** Opening Exercise materials block **

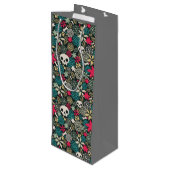 Rol in bloemen wijn cadeautas (Achterkant Gekanteld)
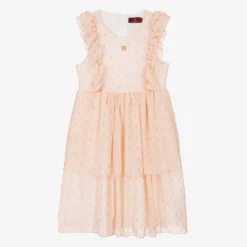 AIGNER Teen Girls Pink & Gold Chiffon Dress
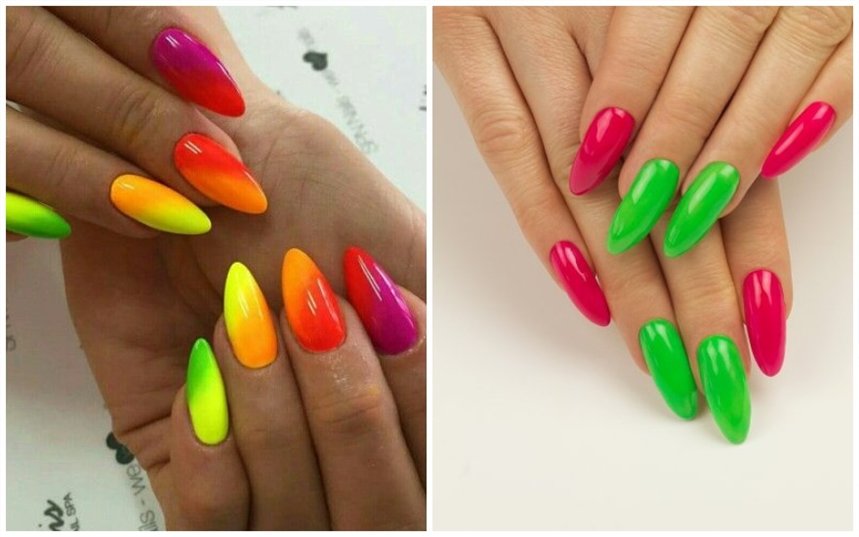 Неоновый маникюр
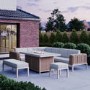 Thick Round Rattan Corner Garden Sofa Set with Fire Pit & Benches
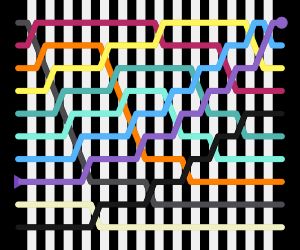 버블 정렬의 예시. 목록을 반복하며 인접한 항목의 순서가 맞지 않으면 교환한다.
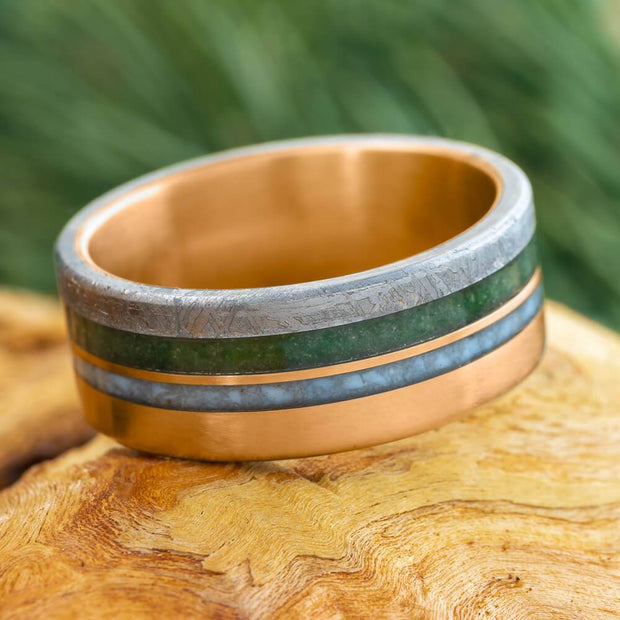 Rose Gold Birthstone Ring with Meteorite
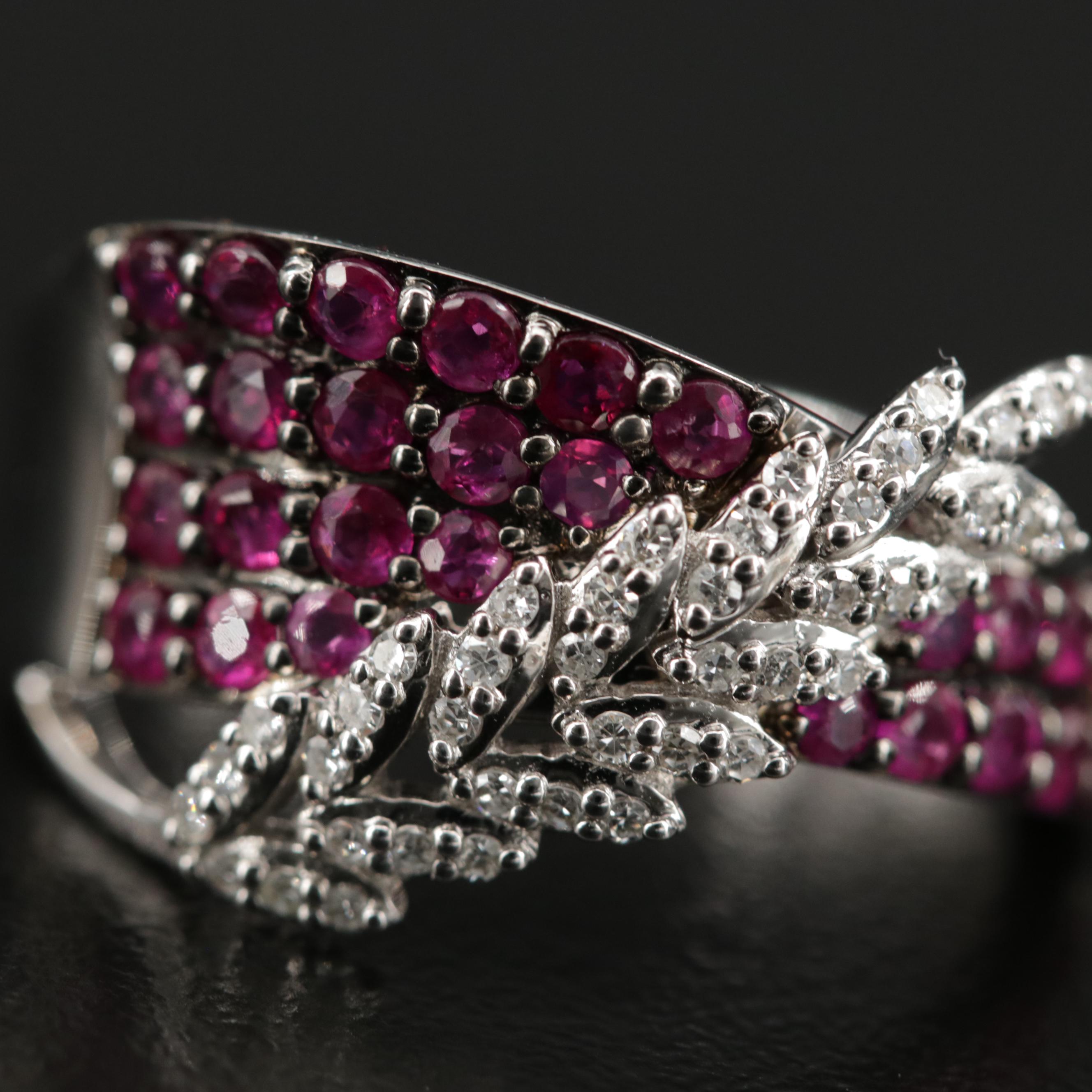 EFFY 14K Ruby Asymmetrical Ring With Diamond Leaf Accent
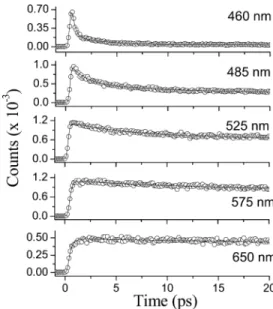 Figure 13. Time-resolved sum frequency signal of fluorescence and gate pulse (800 nm) for Ia in acetonitrile
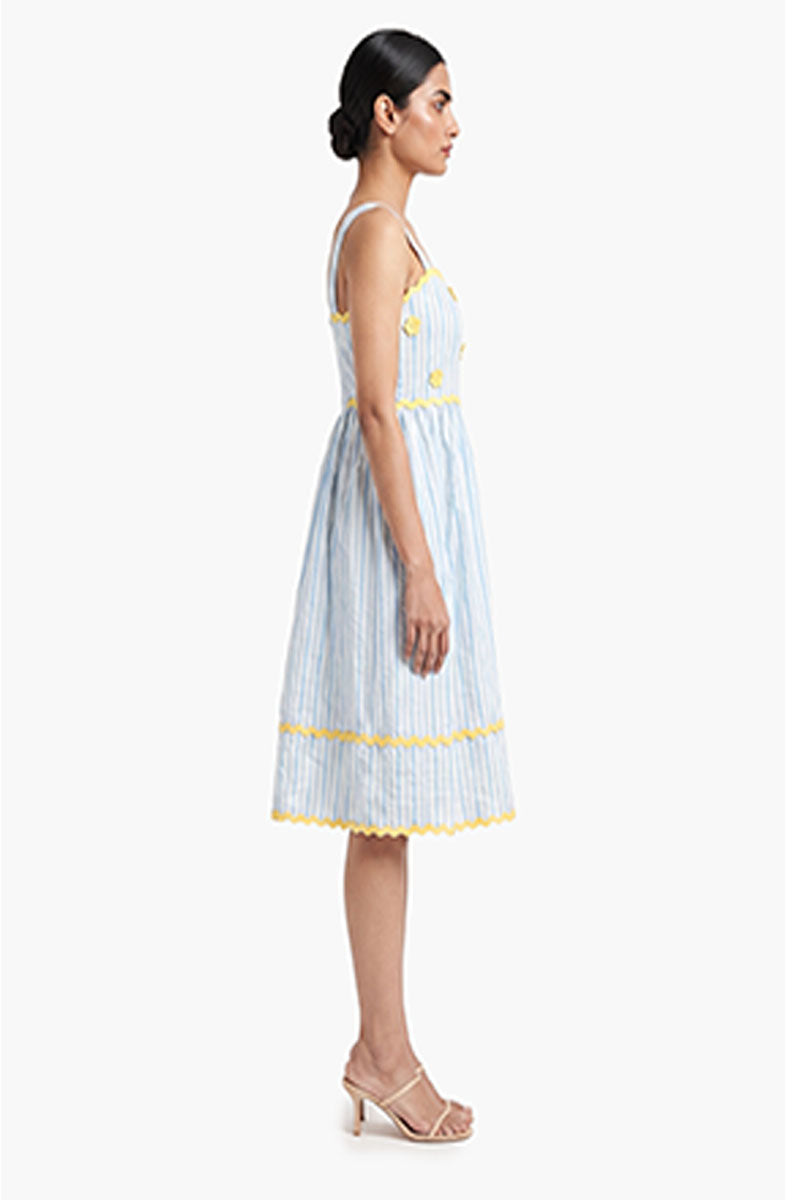 Blue Stripe Cotton Midi Dress with Crochet Floral Detail – Pack of 6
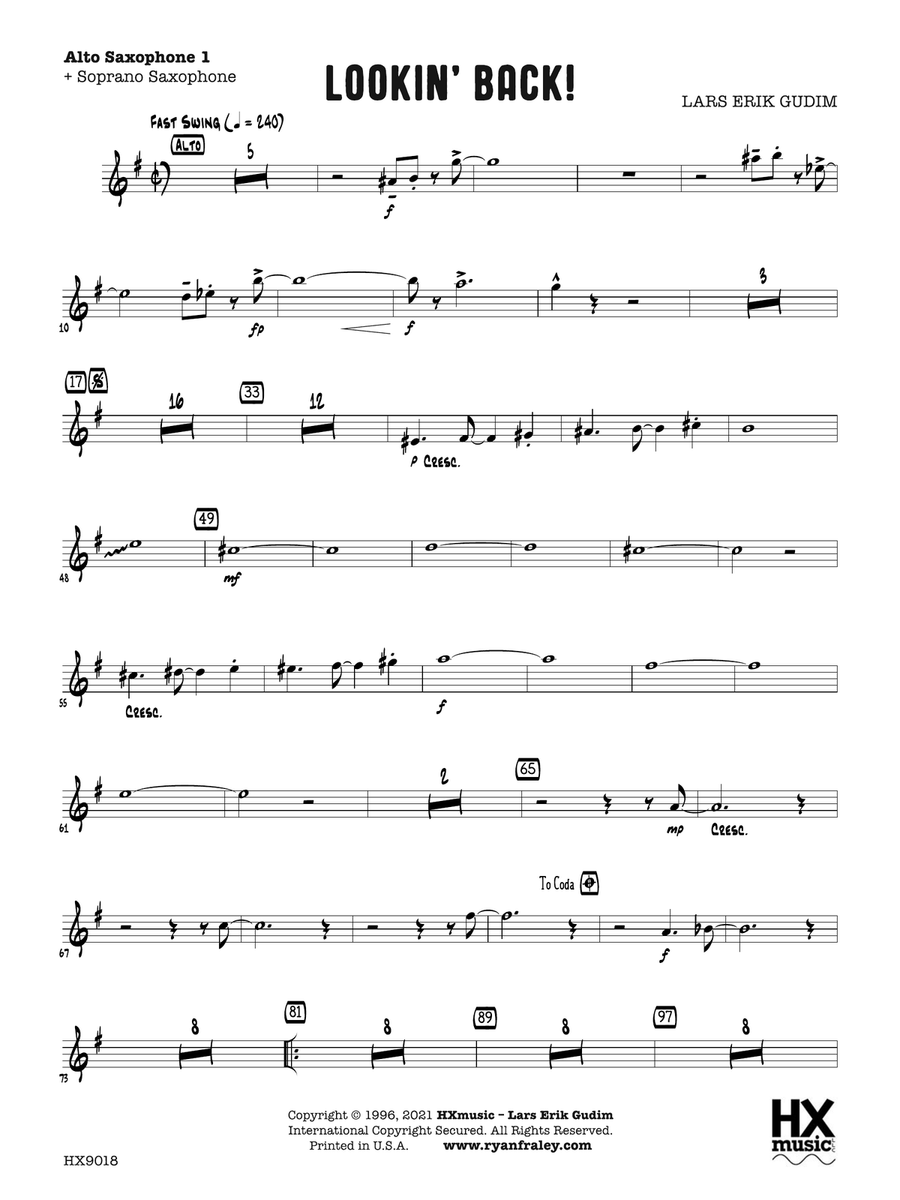 Lookin' Back!: E-flat Alto Saxophone 1 (with Soprano Saxophone) Soprano Saxophone scores gallery preview page 1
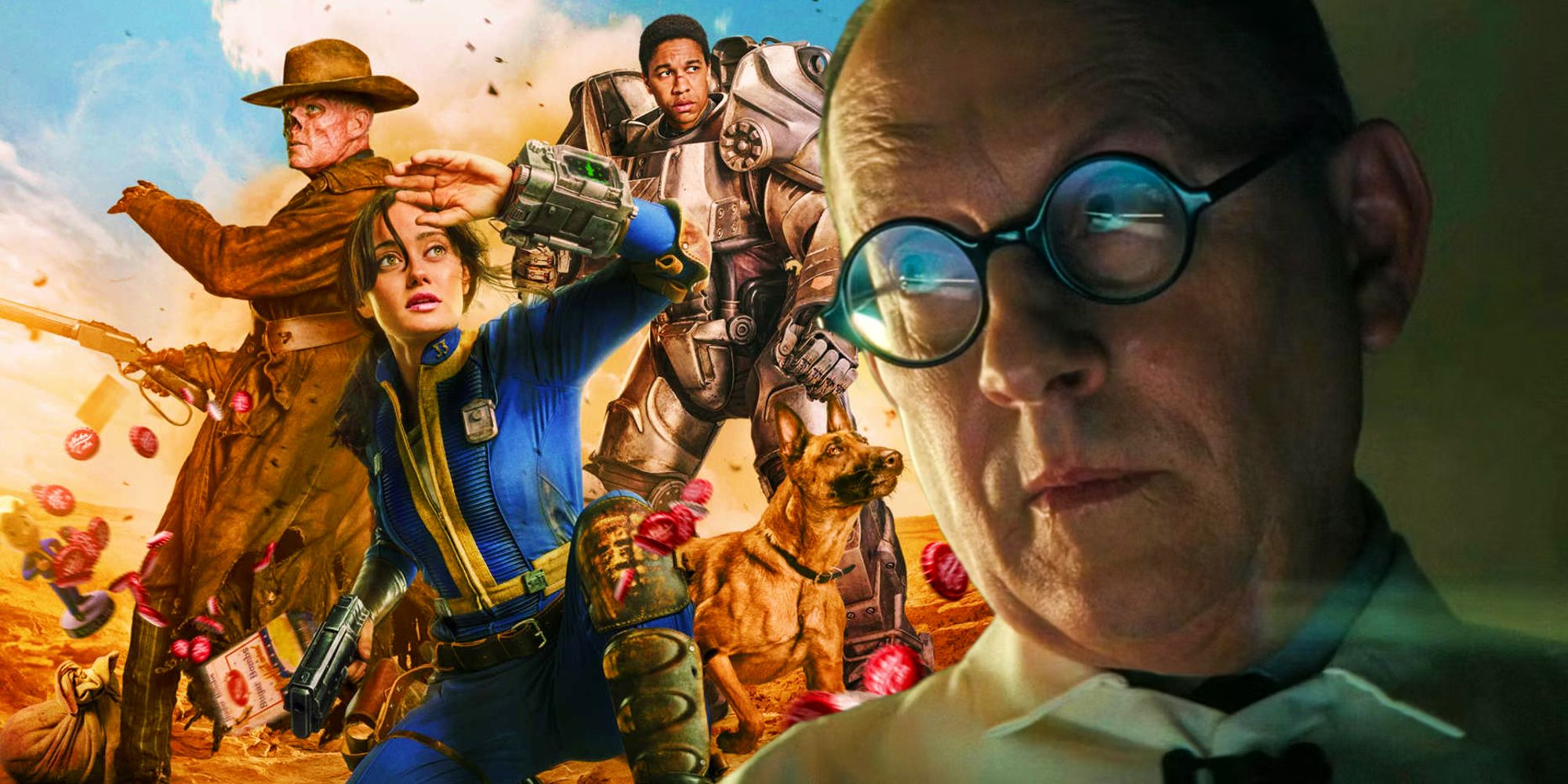 The Fallout poster featuring Lucy, The Ghoul, and Maximus next to Michael Emerson as Doctor Wilzig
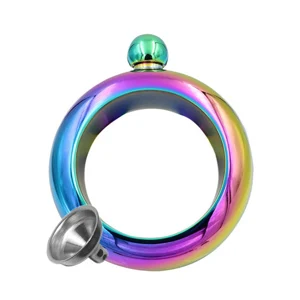 Rainbow Кувшин браслет фляжка портативный Круглый браслет с воронкой бутылка вина Виски Водка алкоголь посуда для напитков браслет ювелирный подарок 3,5 OZ - Цвет: Rainbow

** Closing Exercise materials block **

--- Directions ---
What is wanted is an exact copy of the lines above from the one containing "EFFY 14K Ruby" through the one containing "Blue Stripe Cotton", with no pictures in it.

--- Solution for this task ---
 EFFY 14K Ruby Asymmetrical Ring With Diamond Leaf Accent
 Figure 13. Time-resolved sum frequency signal of fluorescence and gate pulse (800 nm) for Ia in acetonitrile
 Blue Stripe Cotton Midi Dress with Crochet Floral Detail – Pack of 6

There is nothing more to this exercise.